There is an easy way to circumvent the strict "no eavesdropping on US-to-US calls" Bush referenced: secretly route any snooped calls through another country.

It is a method that has already been used and documented in court, by WorldCom, and brought up by AT&T in WorldCom's bankruptcy filing: Route the domestic calls through a second country.

AT&T brought the accusation in 2003 that WorldCom routed US-to-US calls through Canada.

Furthermore, in the AT&T suit against WorldCom, AT&T specifically cites the case of a Democratic Congressman's US-to-US calls being so routed through Canada.

I'm going to post this AT&T press release in it's entirety as press releases from corporations are issued expressly for release and reprint, unlike copyrighted news stories and other such written materials.

For Release Wednesday, August 6, 2003
AT&T Replies To WorldCom's Bankruptcy Court Response

NEW YORK -- In a filing today in U.S. Bankruptcy Court, AT&T said MCI/WorldCom's court filing earlier this week admits to the deception and fraud that AT&T had alleged in its objections to MCI/WorldCom's Plan of Reorganization for emerging from Chapter 11 bankruptcy.

AT&T's filing argued that MCI/WorldCom's response of Monday, August 4, purposely avoided addressing the point of AT&T's fraud allegations that the intent of the rerouting of calls was to deceive and defraud AT&T into paying termination fees for the calls.

MCI/WorldCom sought to justify the fraud scheme as legitimate "least cost routing," but AT&T said: "'Least cost routing' involves availing oneself of the lowest access charge available from the terminating carrier, i.e., shopping for the lowest charges from the terminating carrier. That is different in kind from deceptively causing another carrier to pay that terminating access charge," AT&T said.

"We're talking about the difference between shopping for bargains and shopping with somebody else's credit card. The latter is clearly a crime that people can go to jail for," AT&T Chief Counsel James Cicconi said in commenting on AT&T's request for the Bankruptcy Court's permission to seek damages it has suffered as a result of the fraud.

AT&T's filing today also cited additional instances of domestic U.S. Government telephone calls that were routed through Canada for completion, including calls for the U.S. Department of Defense, the U.S. Army and the U.S. Navy. On July 28, AT&T cited domestic calling traffic of several U.S. Government agencies, including the Department of State and the Postal Service, as part of the scheme to defraud AT&T and its shareowners.

Further, the AT&T filing included examples of in-state calls between the Wisconsin district offices of U.S. Rep. Ron Kind (D-Wisc.). The offices are pre-subscribed to MCI/WorldCom for long-distance calling, but calls between the offices were routed over AT&T's network after being diverted through Canada.

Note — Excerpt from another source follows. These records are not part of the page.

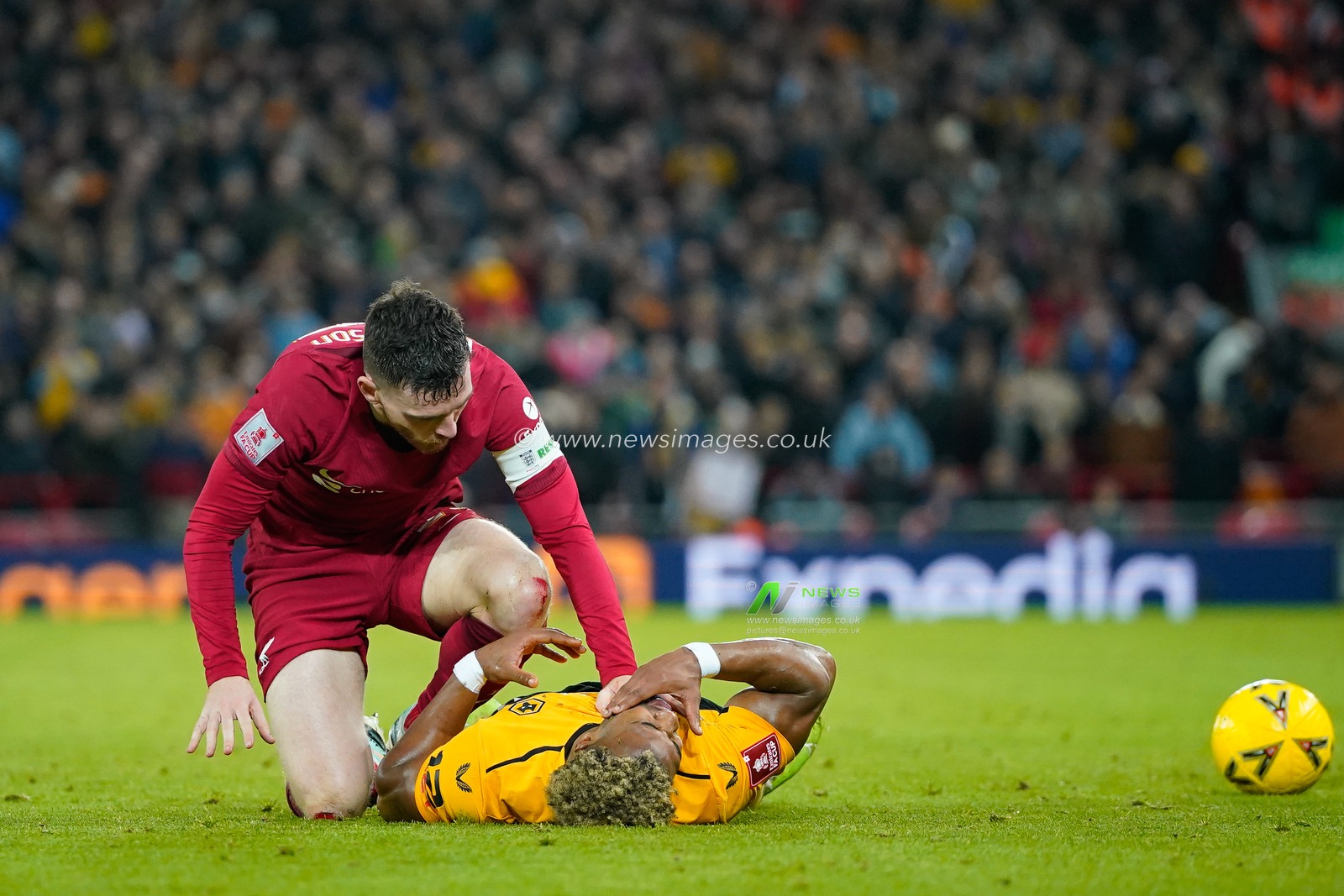 Andrew Robertson #26 of Liverpool checks on Adama TraorÃ© #37 of Wolverhampton Wanderers after a tackle during the Emirates FA Cup Third Round match Liverpool vs Wolverhampton Wanderers at Anfield, Liverpool, United Kingdom, 7th January 2023

(Photo by Steve Flynn/News Images)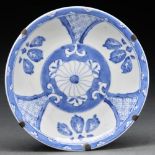 A Chinese blue and white dish, painted with a central flower and three leaves to each of three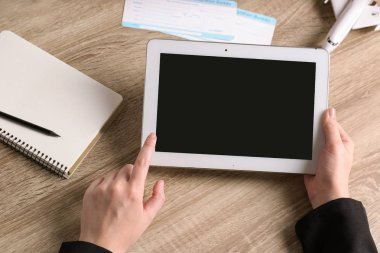 Tablet boş ekran ile masa üzerinde closeup tutan kadın. Seyahat acentası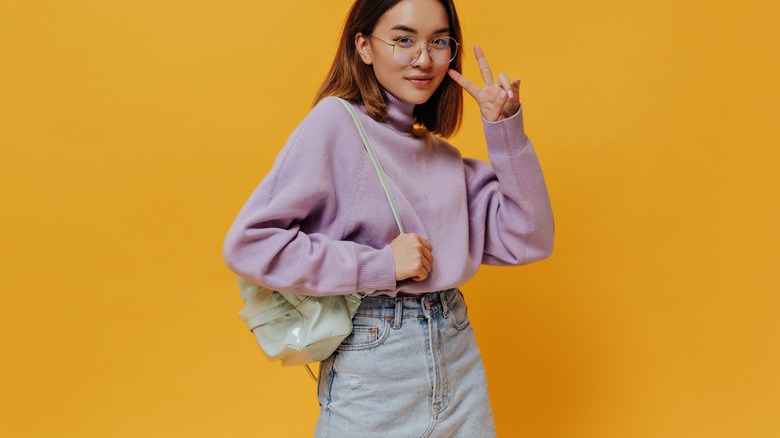 Purple sweater and denim skirt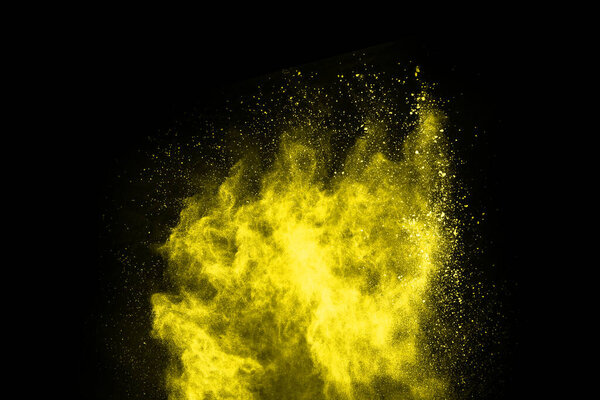 Yellow powder explosion on black background. Colored cloud. Colorful dust explode. Paint Holi.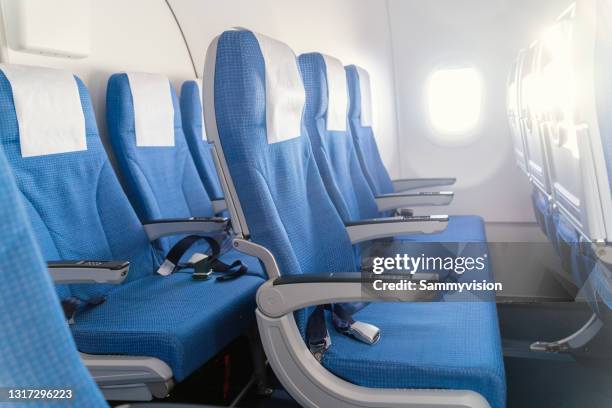 seats in aircraft cabin - siège d'avion photos et images de collection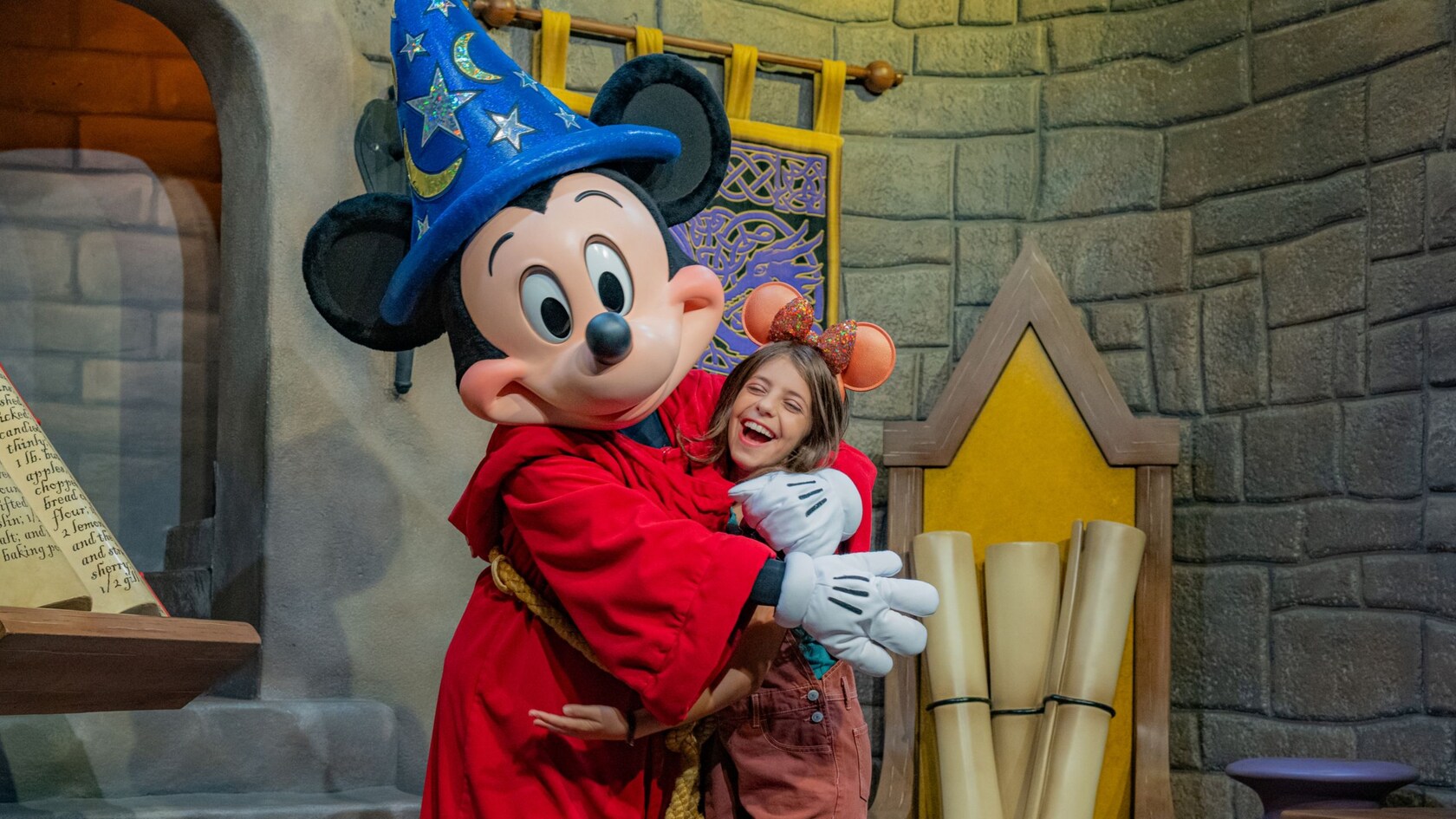 Sorcerer´s Apprentice Mickey Mouse hugging a young Guest in Meet Disney Stars at Red Carpet Dreams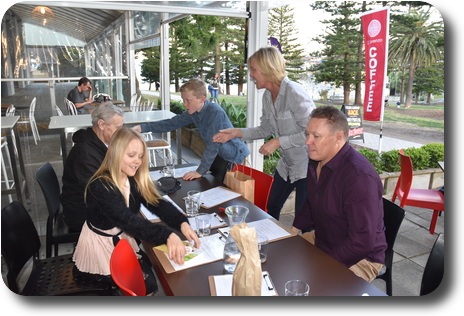 Lily, Peter, Cooper, Kelly and Glenn at restaurant table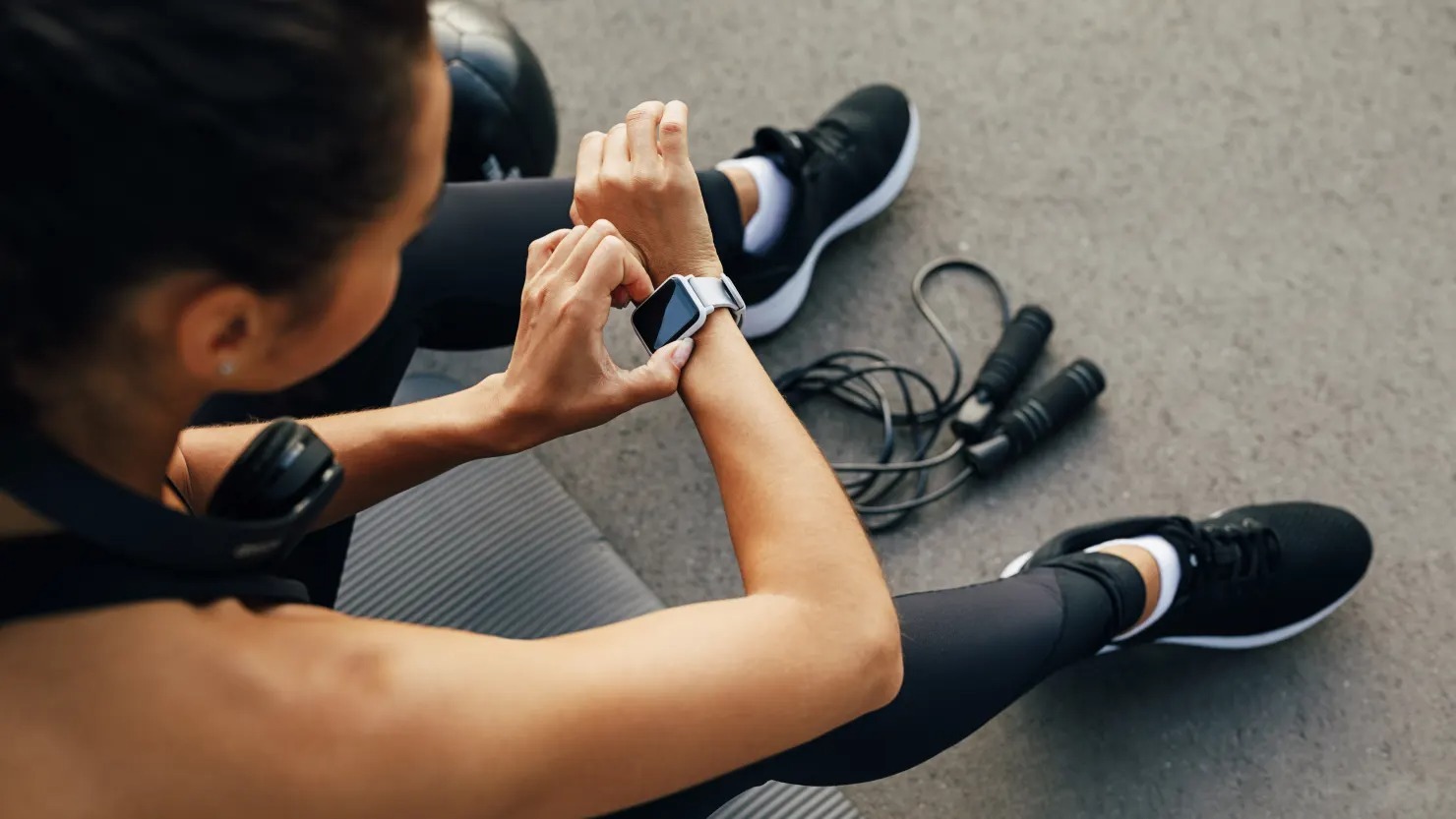 Gesundheitsüberwachung mit Smartwatch - Sportliche Person kontrolliert Fitnessdaten nach dem Training für einen aktiven Lebensstil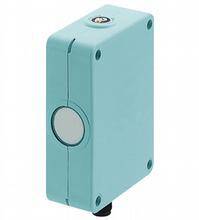 A rectangular, blue electronic device with a round button in the centre.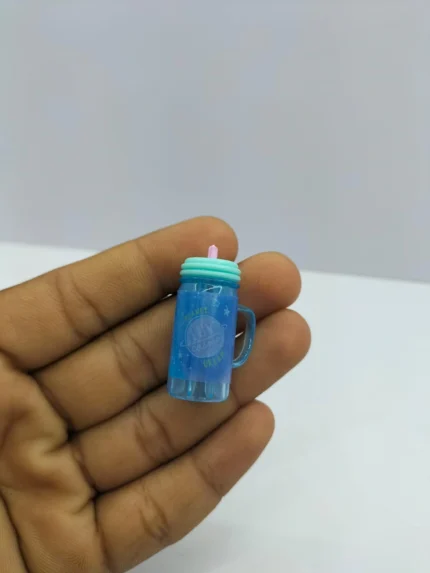 A realistic miniature mineral water bottle product with a clear body and a detailed blue and white label, designed for dollhouse dioramas.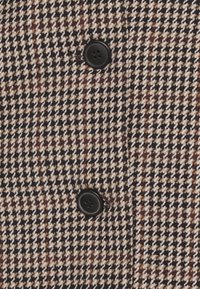 Tissu pied-de-poule marron, noir et blanc avec deux boutons noirs à quatre trous cousus en ligne verticale.
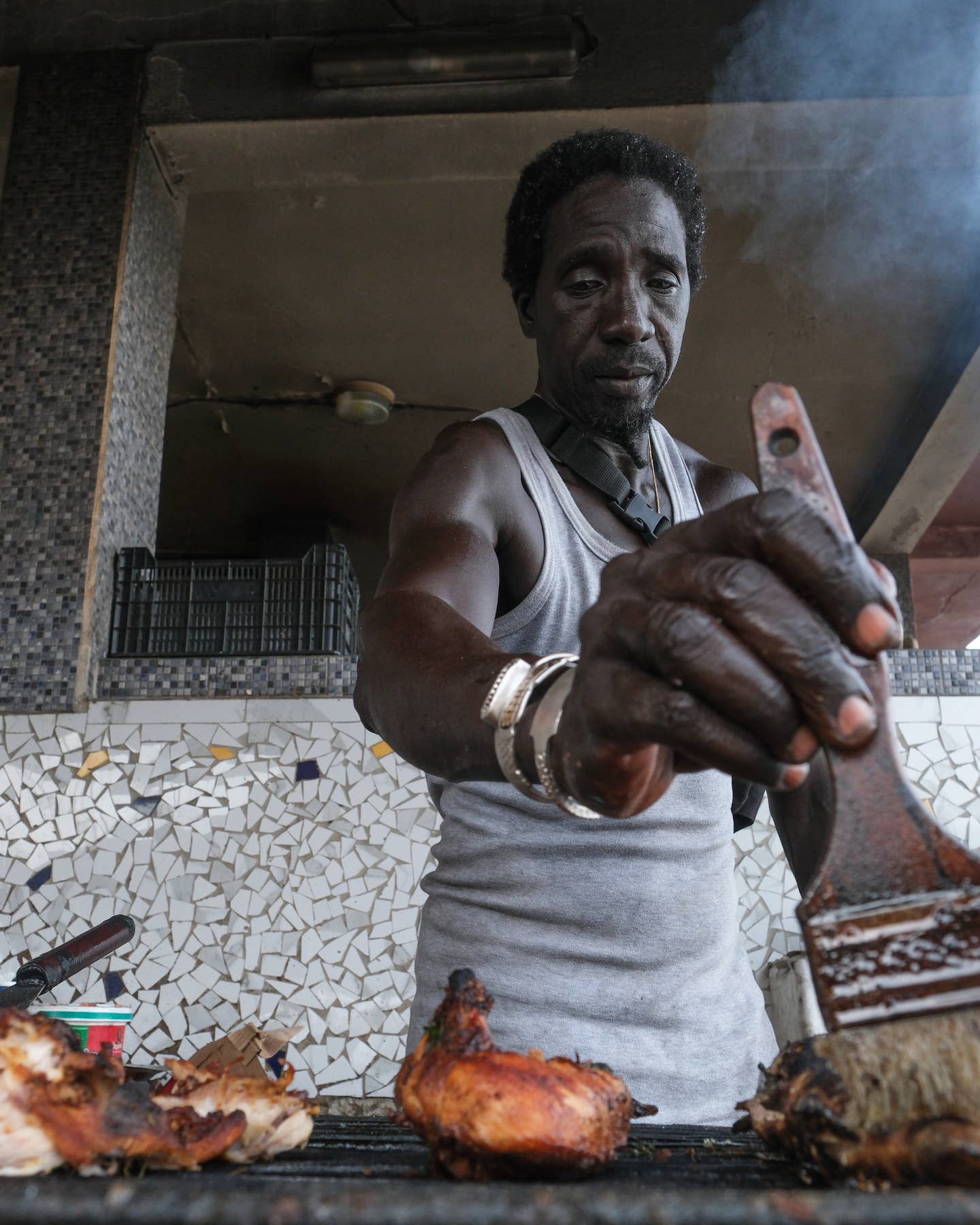 Where to Eat in Dakar, Senegal Grilling fish at Chez Seck in Dakar, Senegal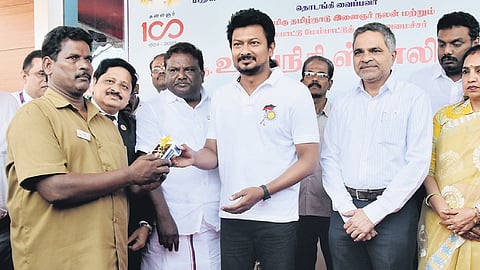 Udhayanidhi Stalin distributing electronic ticketing machines to conductors in the presence of Transport Minister S S Sivasankar at a function in Guindy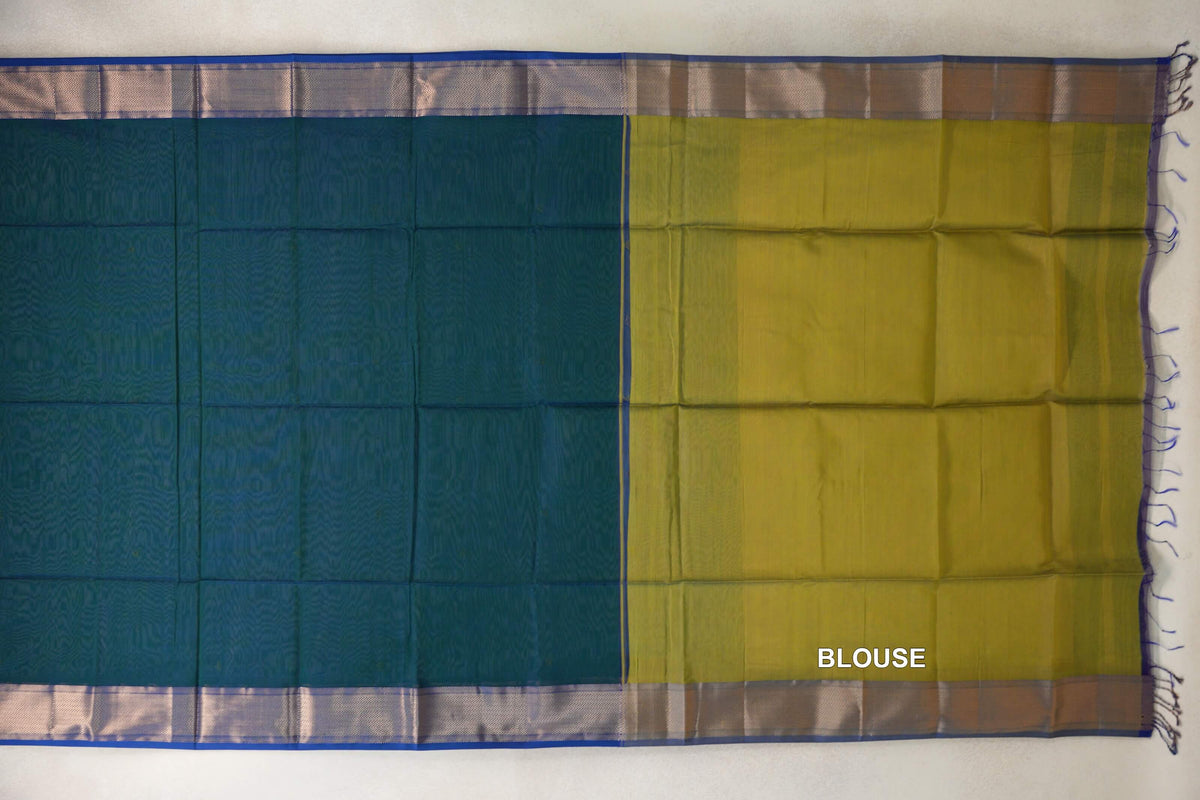 Maheshwari silk cotton saree laid flat, with a peacock green body, royal blue striped borders and a mehandi green blouse piece on the right.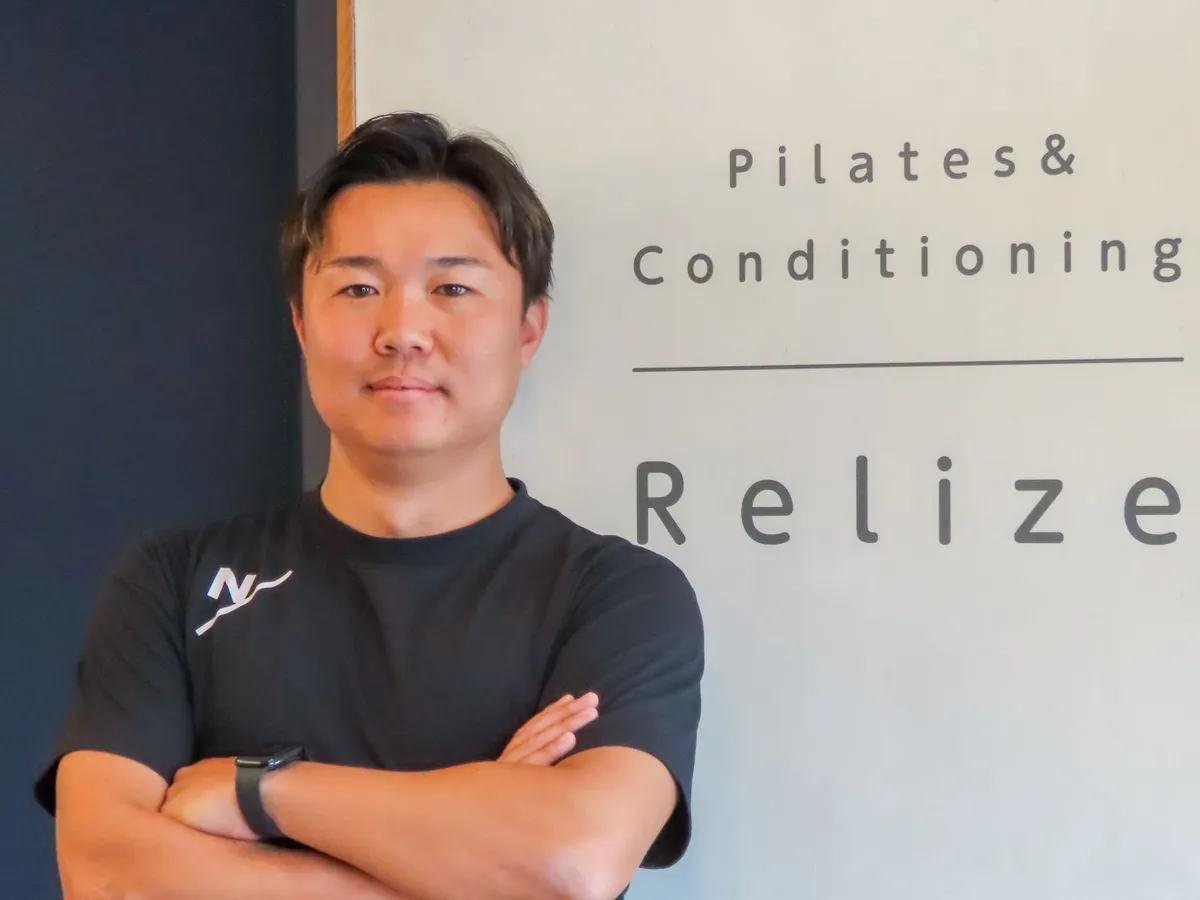 腕を組んで立つ吉成侑弥さん。後ろの壁に Pilates & Conditioning Relize のロゴがある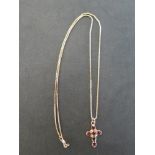 A 9 ct gold garnet crucifix and a 9 c t gold chain - Total weight approx. 4 grms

AT&T's filing today said MCI/WorldCom achieved the deception by:
* Separating out only the calls to the most expensive independent telephone companies, thus reducing the likelihood that the scheme would be discovered;

* Routing the calls through three intermediaries, thus hiding the fact that the calls were MCI/WorldCom's customers;

* Routing the calls through a foreign country, thus further concealing the source and setting up the next step; and

* Taking advantage of the knowledge that upon delivery to AT&T's network, MCI/WorldCom's "customer traffic commingled with literally trillions of minutes of calls on the AT&T network each year."
"Debtors (MCI/WorldCom) were well aware that even if AT&T had known to look, AT&T could not have easily detected Debtors' high-cost calls. Indeed, even after law enforcement notified AT&T of Debtors' fraudulent diversion scheme, it took AT&T weeks to locate the diversions in the ocean of data that AT&T's network generates," AT&T said in its filing today.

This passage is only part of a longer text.